For all the talk on feminist pamphlets and protests as determinants for emancipation, one should credit the vacuum cleaner and contraception for giving women the most valuable gift of all: time. With time, thinking, writing and forming identities finally became possible. The discussions on the impact of class structures in eighteenth century Gothic literature are not the factors actively shaping the material conditions of our time; the doctors saving lives and the environmental engineers tackling climate change are."
Red Wine Socialist:
“It may be true that material advancements were the foundation on which social changes were possible; perhaps they did give rise to historical changes such as the formation of a feminist discourse. And I neither dare nor wish to engage with the question of the chicken or the egg about which comes first, material circumstances or ideas. My worry, however, is the following: any technological innovation created for a certain purpose already includes normative ideas about the way the world should be.
If we do not want technology to carry us towards the future as if by the force of inertia, we need to cultivate the areas of study and scholarship that give us the ability to commentate and to criticise, to see and articulate the limitations of science. Historians can do so by interpreting narratives of the past, philosophers by way of their analysis, and writers through thought-provoking language. Understanding a virus through a medical lens alone obscures that the origin and development can only be uncovered through understanding our social organisation.. Critical thought is required to analyse problems we have today and direct and guide us towards the future."

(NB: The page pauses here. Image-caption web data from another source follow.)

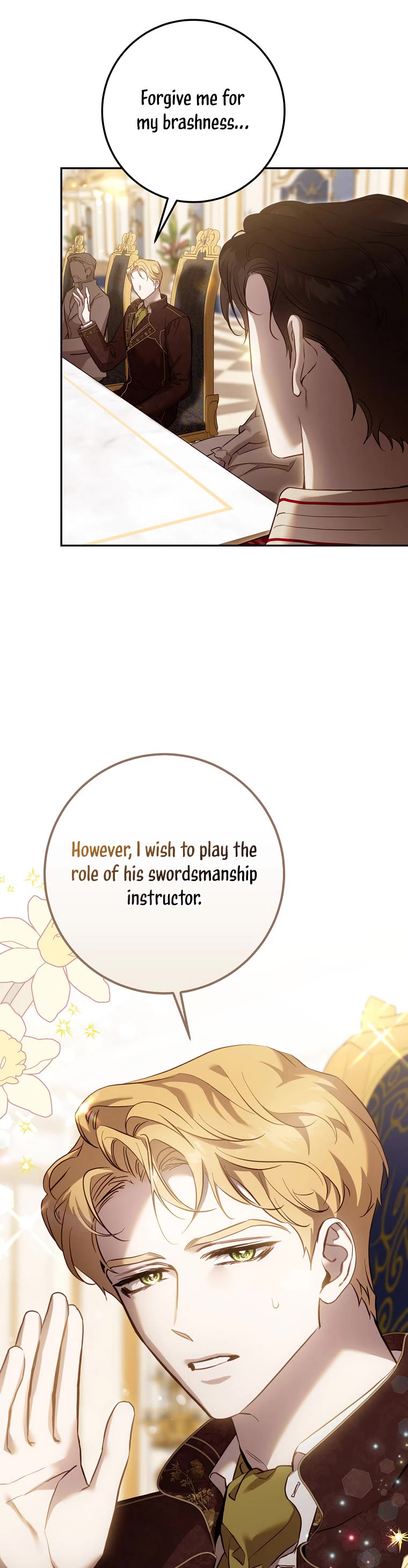 I Tamed a Tyrant and Ran Away chapter 121 page 9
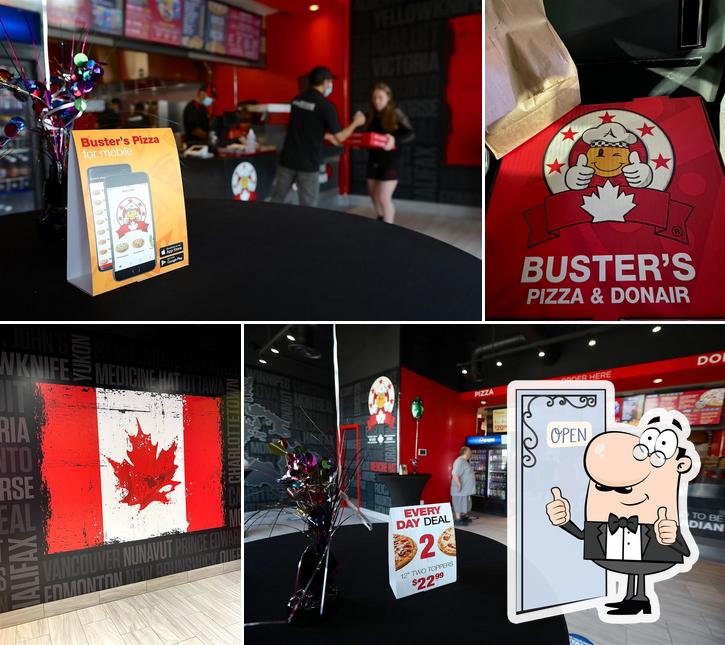 Voici une photo de Buster's Pizza & Donair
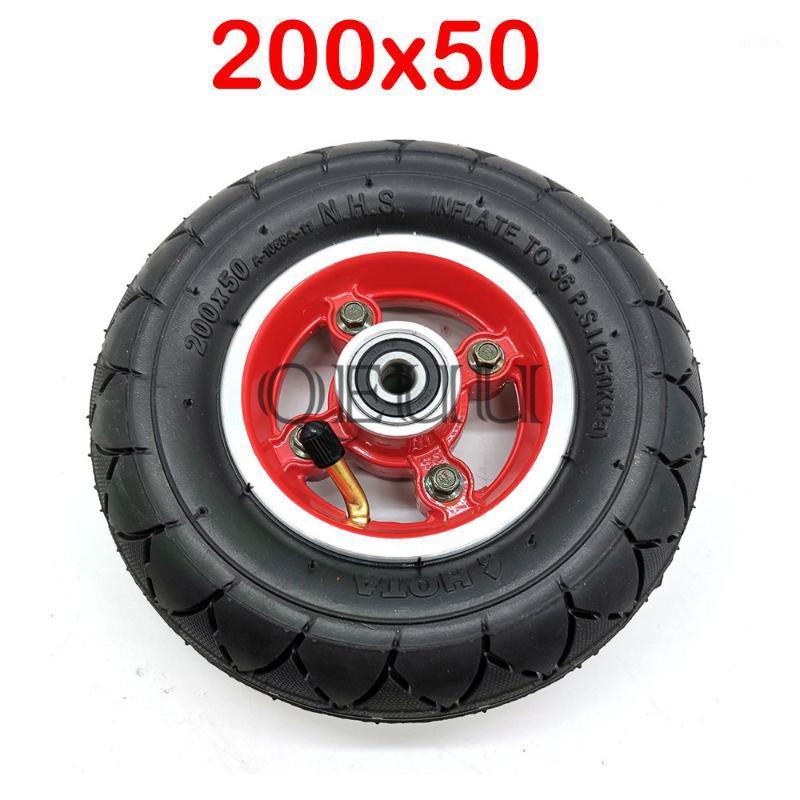 

Electric Scooter Wheel Electric Vehicle Pneumatic tire 8 Inch 200x50 Tire Wheel1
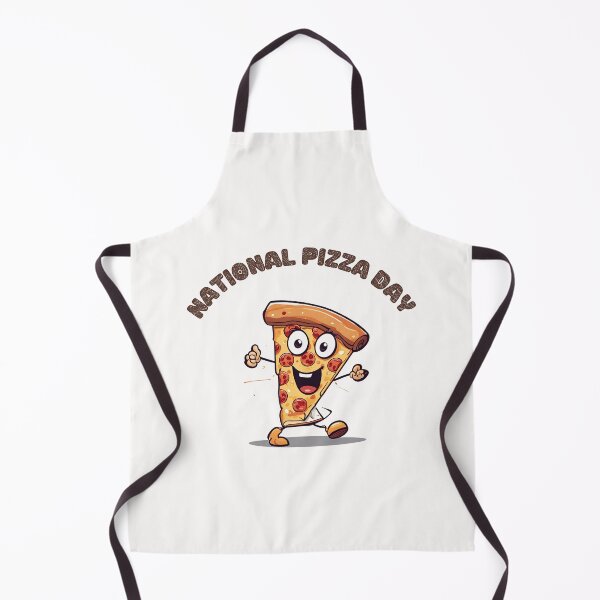 Item preview, cartoon-style slice of pizza dancing designed and sold by teacherpeiyuan.
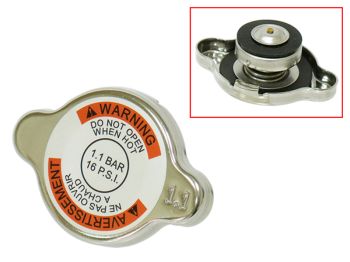 Sno-X Radiator cap, Arctic Cat/BRP/Yamaha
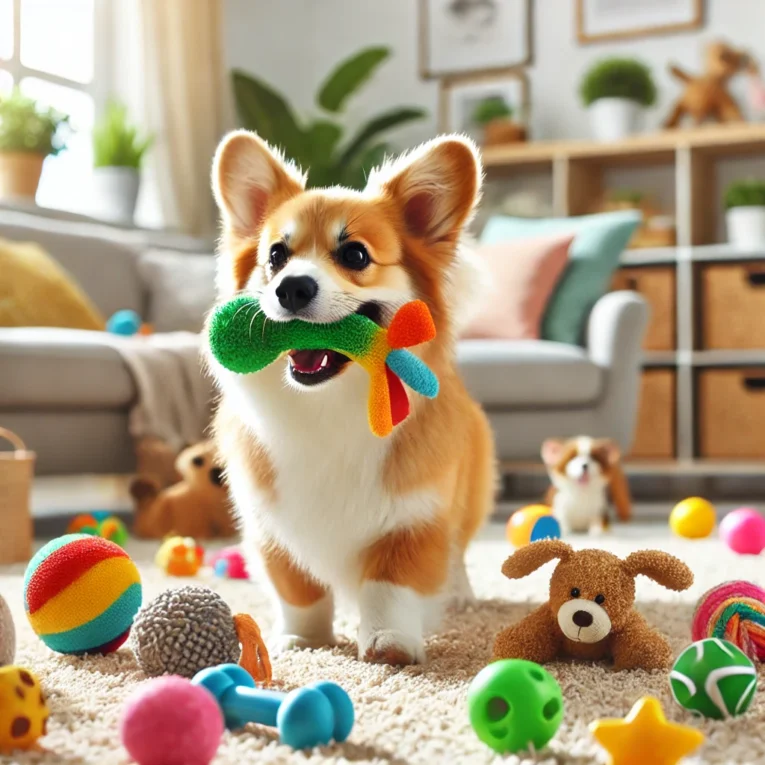צעצועים ומשחקים לכלב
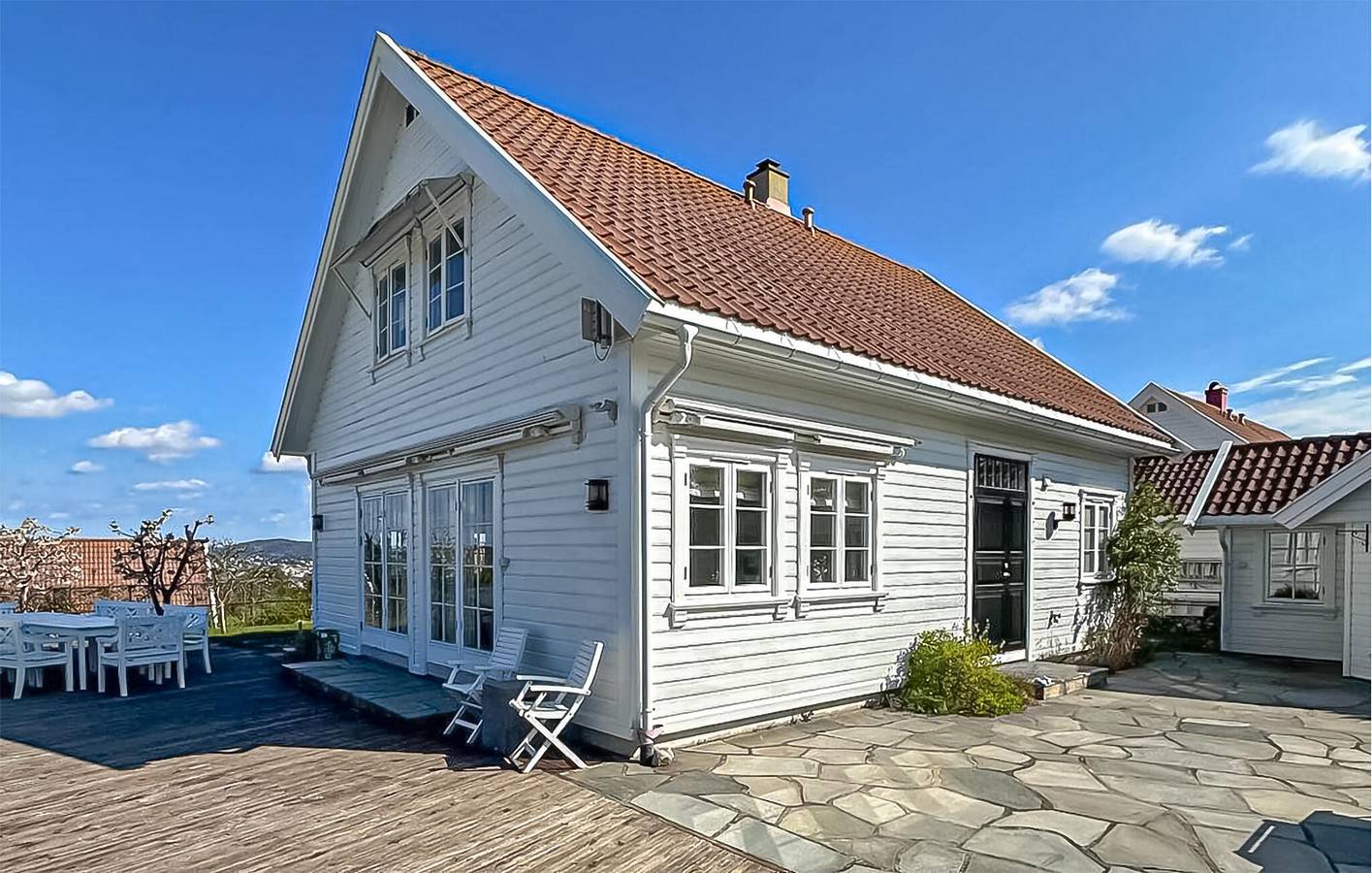 Ferienhaus für 8 Personen mit Garten in Kragerø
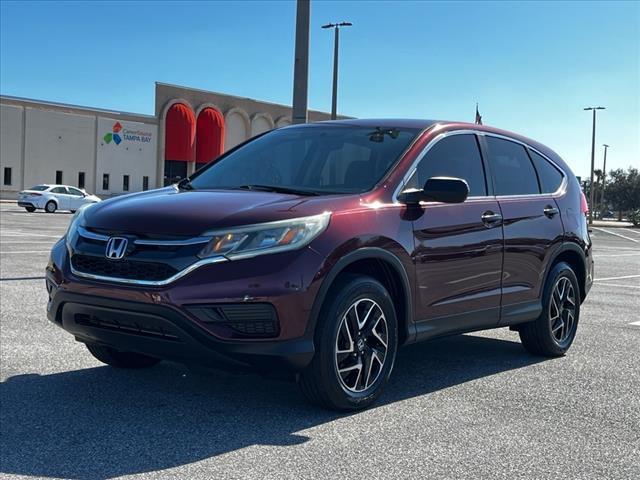 used 2016 Honda CR-V car, priced at $11,997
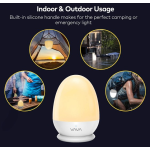 lampa de veghe smart vava va-cl006 led cu reglare touch a intensitatii, lumina calda si rece lampa de veghe smart vava va-cl006 led cu reglare touch a intensitatii, lumina calda si rece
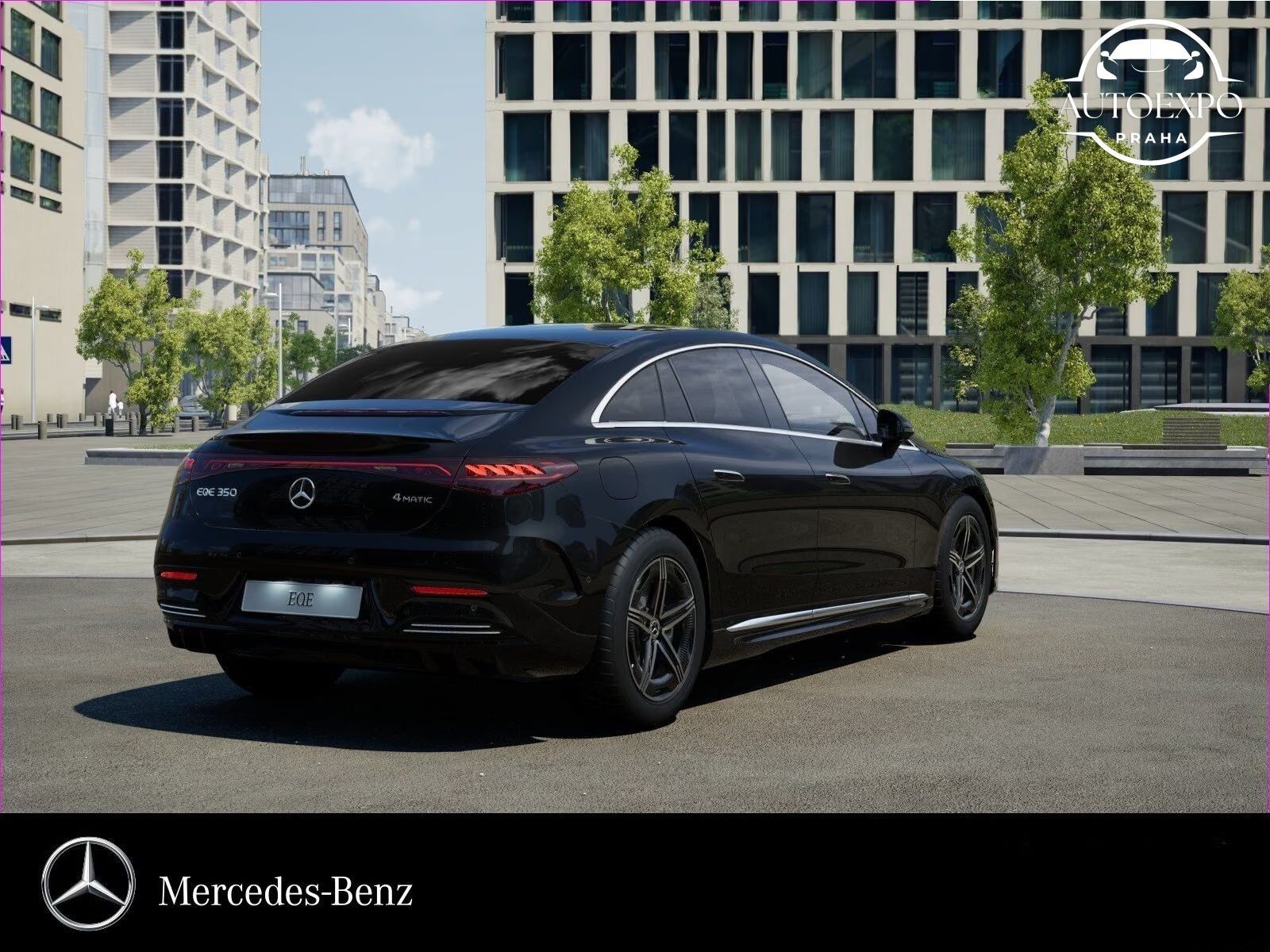 Mercedes-Benz EQE, 350 4M AMG+DIGITAL+DISTR+Burme - fotka 4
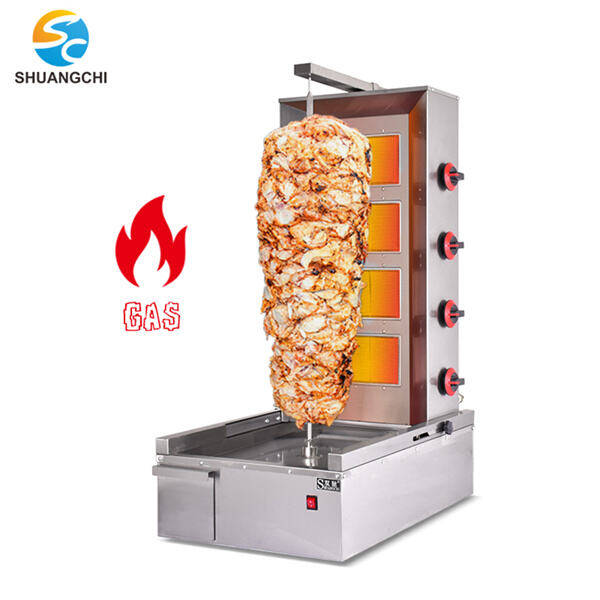 Innovation of The Shawarma Automatic Machine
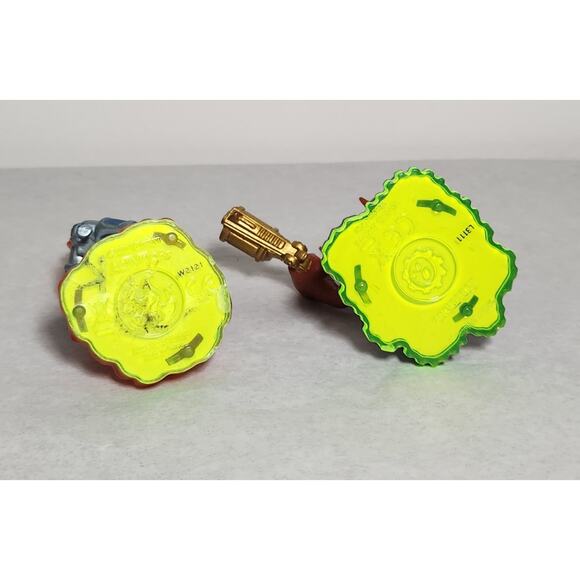 Activision Skylanders Spyro's Trigger Happy & Ignitor Characters 2011 Pre-owned - Picture 5 of 5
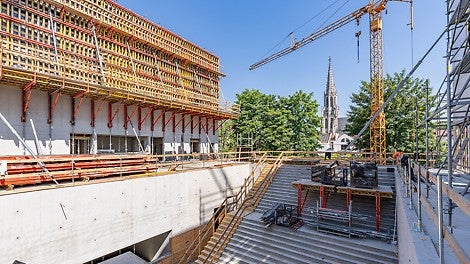 Budowa nowego gmachu Akademii Muzycznej w Katowicach.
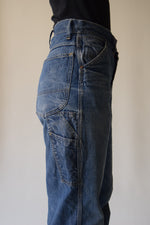 Vintage 1940's Long L Lee Carpenter Jeans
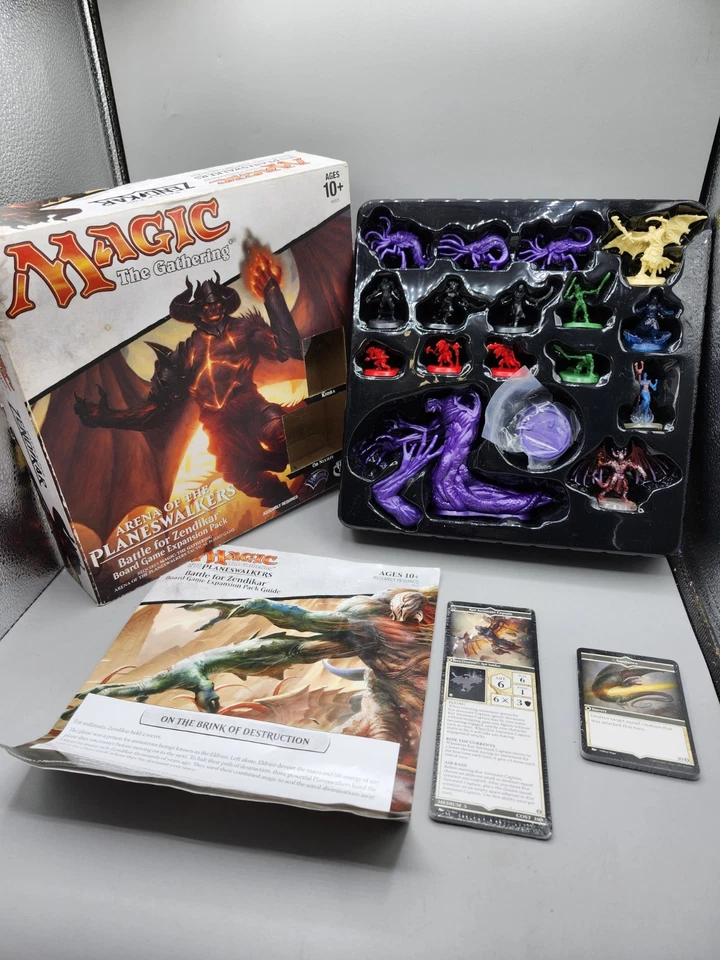 Magic The Gathering Arena of the Planeswalkers & Battle For Zendikar Board Game - Image 4 of 4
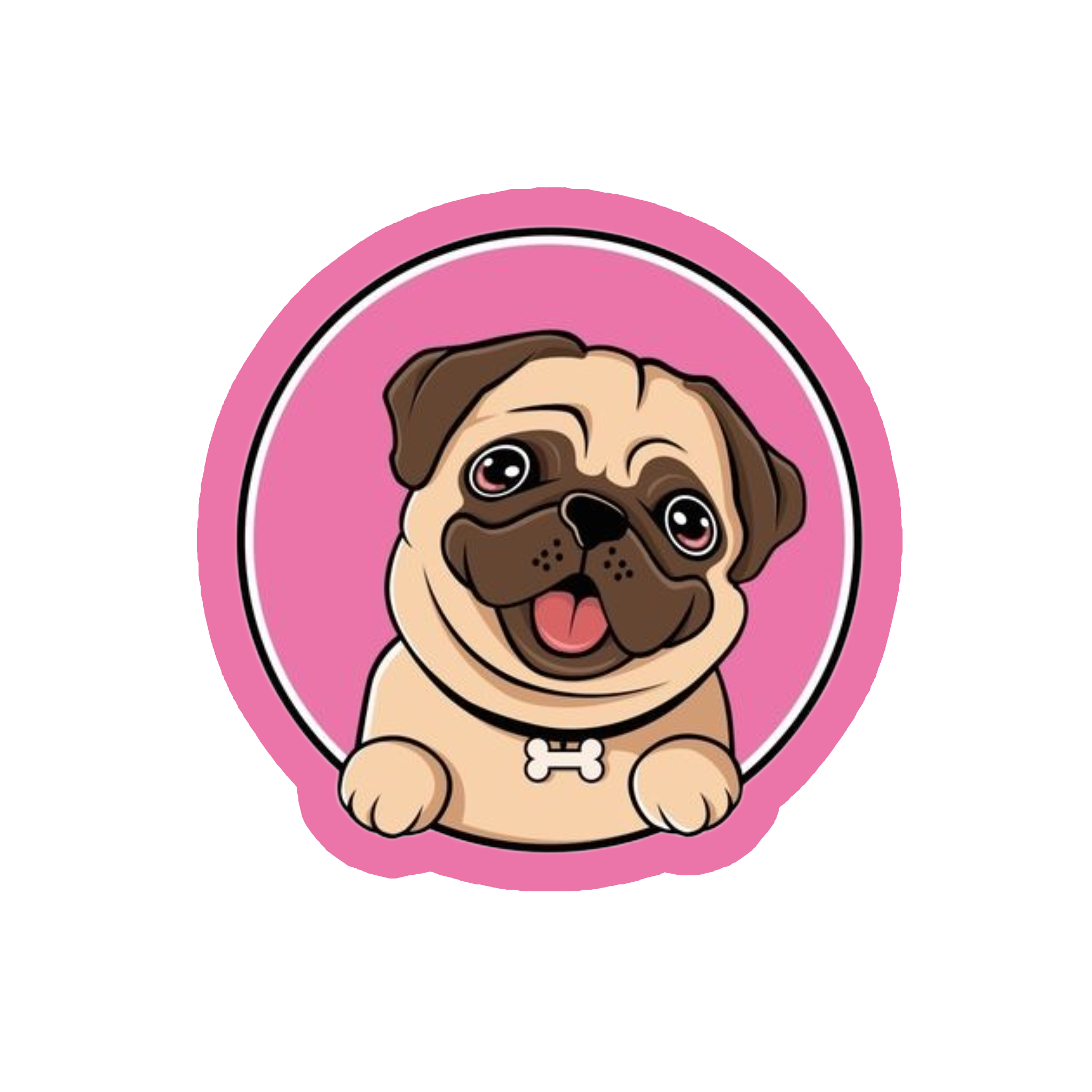 STICKER DOGS - 21 – Stickersbits Guatemala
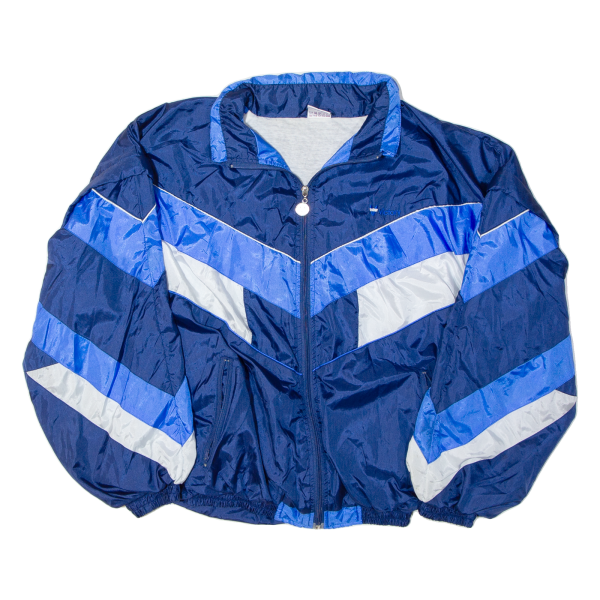 VICTORY Womens Shell Jacket Blue 90s M Cheap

“I agree that it is crucial we challenge current knowledge - critical thought is indeed one of the building blocks in the construction of a positive future. My frustration, however, lies in envisioning humanities and their ability to produce critical thought as the silver bullet towards progress. Critical thought is not reserved to humanities only, the greatest scientific discoveries - that the world was round, or the discovery of vaccination - have emerged from critical thought. Moreover, by fixating on critical thought alone, one ignores the essence of change, which is action.
Complaining and critiquing is easy, the real challenge arises with what actually has to be done. Although there are countless mistakes inflicted by science in dealing with the current pandemic, at least they try. The humanities reside in the world of ideas, the sciences among the people.”
Red Wine Socialist:
“I concur that there is a threat of locking oneself up in an ivory tower. And I agree that merely thinking about problems is not enough to bring about change. But to devalue these activities of thought to an idiosyncratic enterprise is misleading too. All I maintain is that, along with the direct, practical solutions to problems today, we require an effort of articulating what we are doing and what we are doing it for.”
"I see your point, and perhaps your position has merit. It seems that we agree that the sciences have the direct impact we need to drive the force of change, and that the humanities challenge the ideas that are contained in these developments. Curiously, it seems that we are working towards a similar goal; a world of positive progress. We may both be well-advised to get off our high horses, and recognise this common ground; our different academic practices present the chance to enrich and unify: let us take it then .”
And so, the Robocop and the Red Wine Socialist set aside their disagreements and lived happily ever after. Although these two friends have embraced their identity as cliché cartoon characters, this does not imply that such reconciliation is an intrinsic end goal. Is it truly possible to foster interdisciplinary thought, and are there limits to such a practice?